Serse lo sa e non accetta lo svantaggio. Prepara 800 navi e li invia a sud, con l’intento di aggirare le Termopili attraverso il mare e di far sbarcare una parte dell’esercito alle spalle dei greci. In questo modo, si troverebbero circondati dagli eserciti sui due fronti e non avrebbero scampo.
Temistocle, l’appoggio indispensabile
A questo punto dobbiamo introdurre l’ultimo, indispensabile protagonista che permise il succedersi della battaglia: il greco Temistocle. Se dovessi descriverlo con degli aggettivi, punterei alla sua capacità strategica: un tattico, un visionario e dotato di una mente sottile. A lui si deve la resistenza greca. Senza il suo intervento – e il suo inganno -, i greci sarebbero capitolati già al primo giorno. Fu, di fatto, importante almeno quanto Leonida, anche se pochi si ricordano di citarlo.

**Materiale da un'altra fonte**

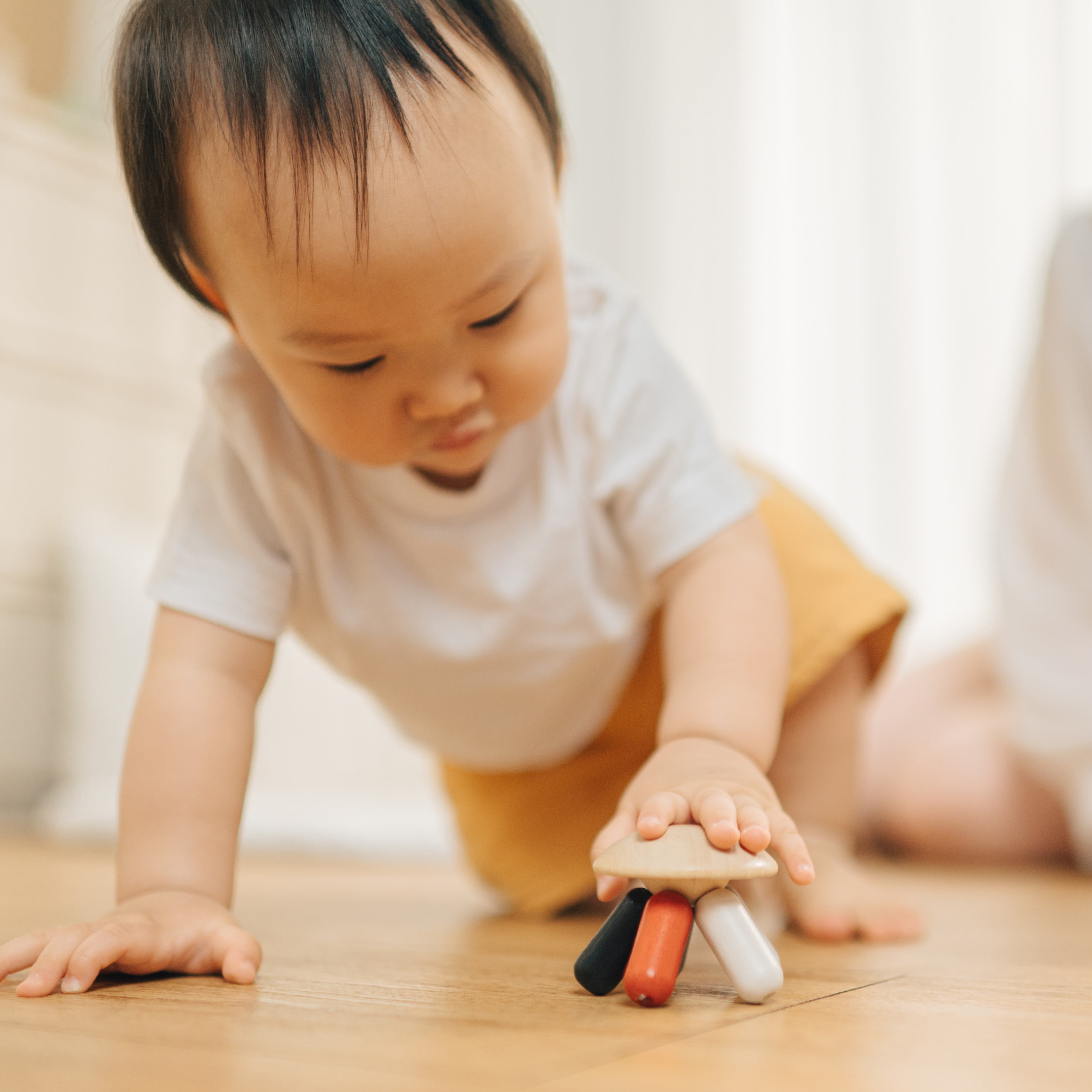ชุดของเล่นไม้ PLANTOYS แมงกระพรุนฝึกบีบ-ไฮคอนทราสต์ สำหรับเด็กอายุ 3 เดือนขึ้นไป_3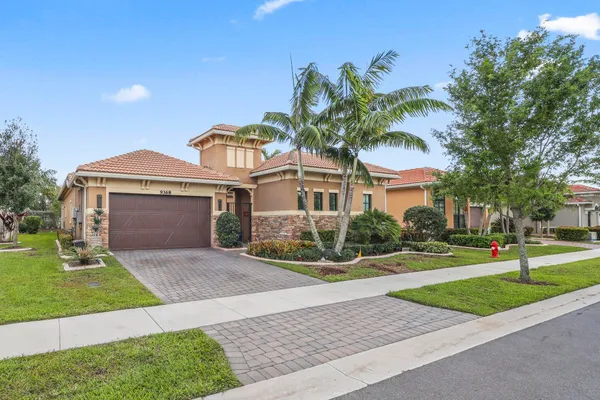 Property Slideshow image 2 of 81 | 9368 cantal cir, Parkland, FL, 33076
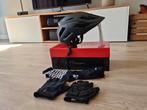 Te koop Specialized helm Tactic 3 & handschoenen Dual Gel, Nieuw, Ophalen of Verzenden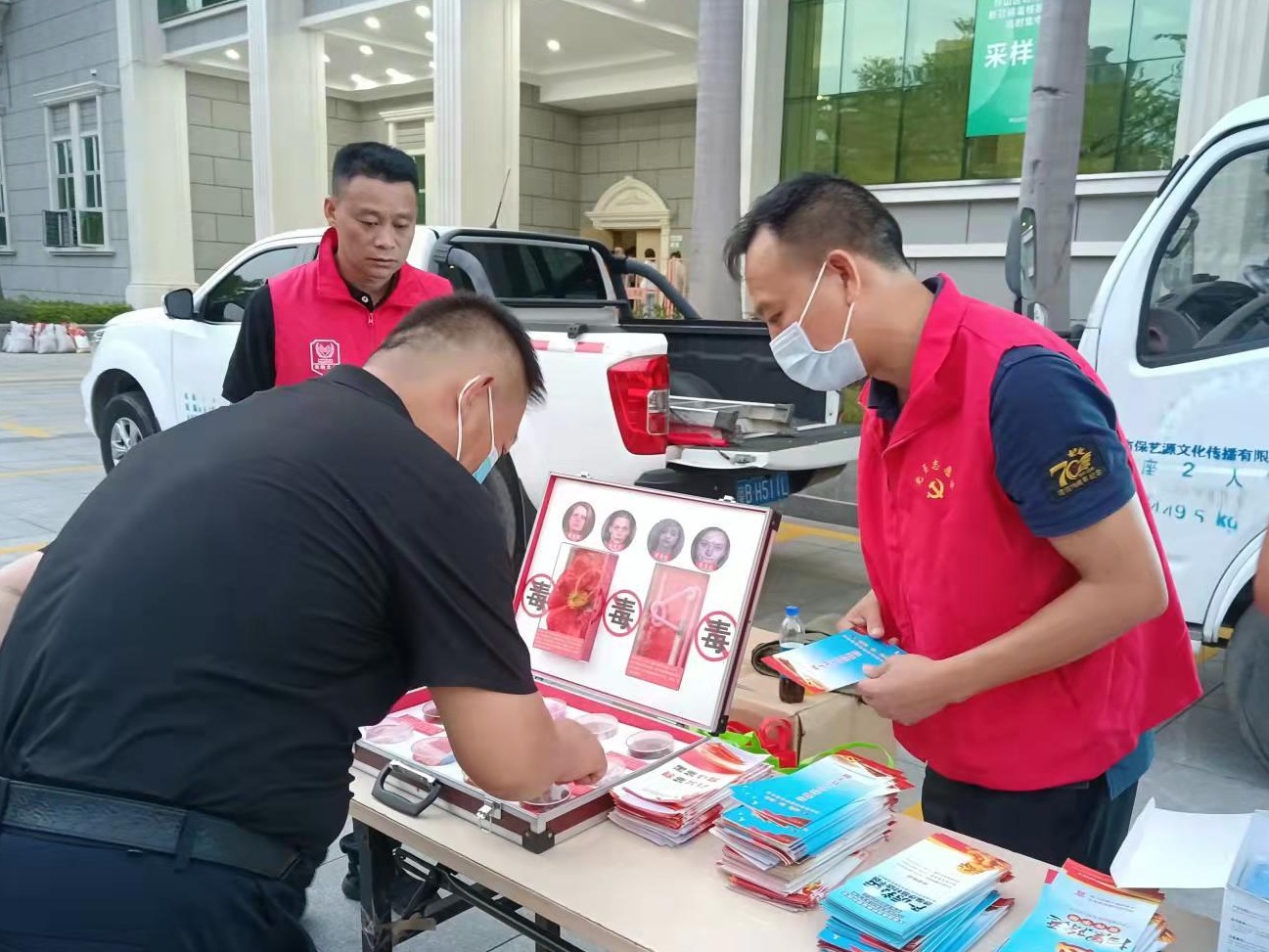坪山区坑梓街道开展禁毒反邪扫黑宣传活动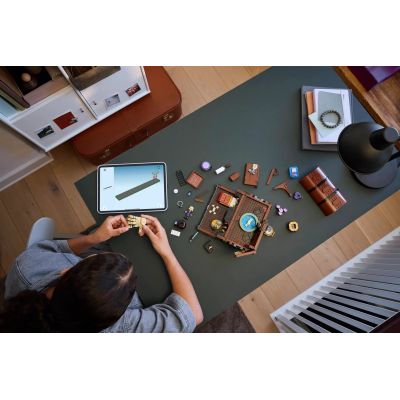 8. LEGO 76785 Wednesday - Mieszkanie Rączki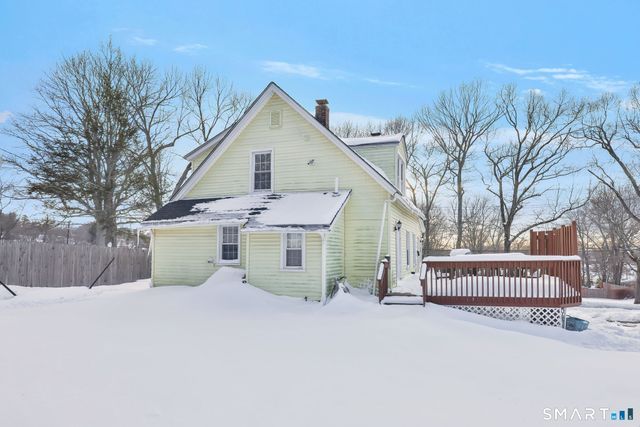 25 Greenwood Drive, Manchester, CT 06042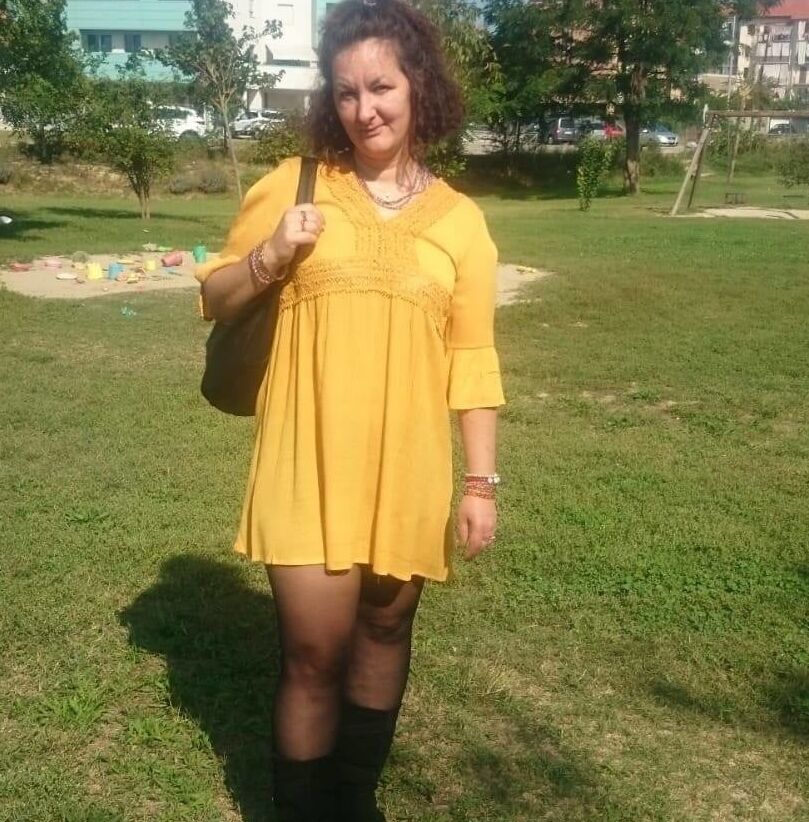 mature women in pantyhose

Già nel 490 a.C., dopo la battaglia di Maratona, Temistocle aveva capito l’importanza di avere una buona flotta ad affiancare le truppe di terra. Spinse quindi sulla costruzione delle navi, ma non ottenne appoggi. Sette anni più tardi, quando gli ateniesi scoprirono un giacimento di quasi 2,5 tonnellate di argento, si rifece avanti e propose di usare la ricchezza per costruire la flotta, invece di dividere il ricavato tra il popolo. Anche qui ebbe un rifiuto, ma questo volta si era preparato a ribattere: convinse il consiglio che la vicina isola di Aegina rappresentasse un pericolo per le navi mercantili.
Nel momento della battaglia, i greci poterono usufruire di circa un centinaio di navi. Si trattava di triremi lunghe 27 metri, leggere e veloci, mosse da circa 200 vogatori e capaci di raggiungere i 23 nodi. Non erano adatte allo scontro indiretto, ma il rostro sulle prue permetteva di speronare anche grosse imbarcazioni e di provocare danni ingenti.
Con l’inganno, quindi, Temistocle si procurò la flotta desiderata. I greci dovettero esserne riconoscenti, in futuro, perché fu solo grazie alla sua insistenza se la Grecia poté tentare una difesa marina. In caso contrario, Leonida sarebbe stato soverchiato su due fronti e sarebbe inevitabilmente capitolato, e con essa la Grecia intera, che non aveva altre difese con le quali opporsi.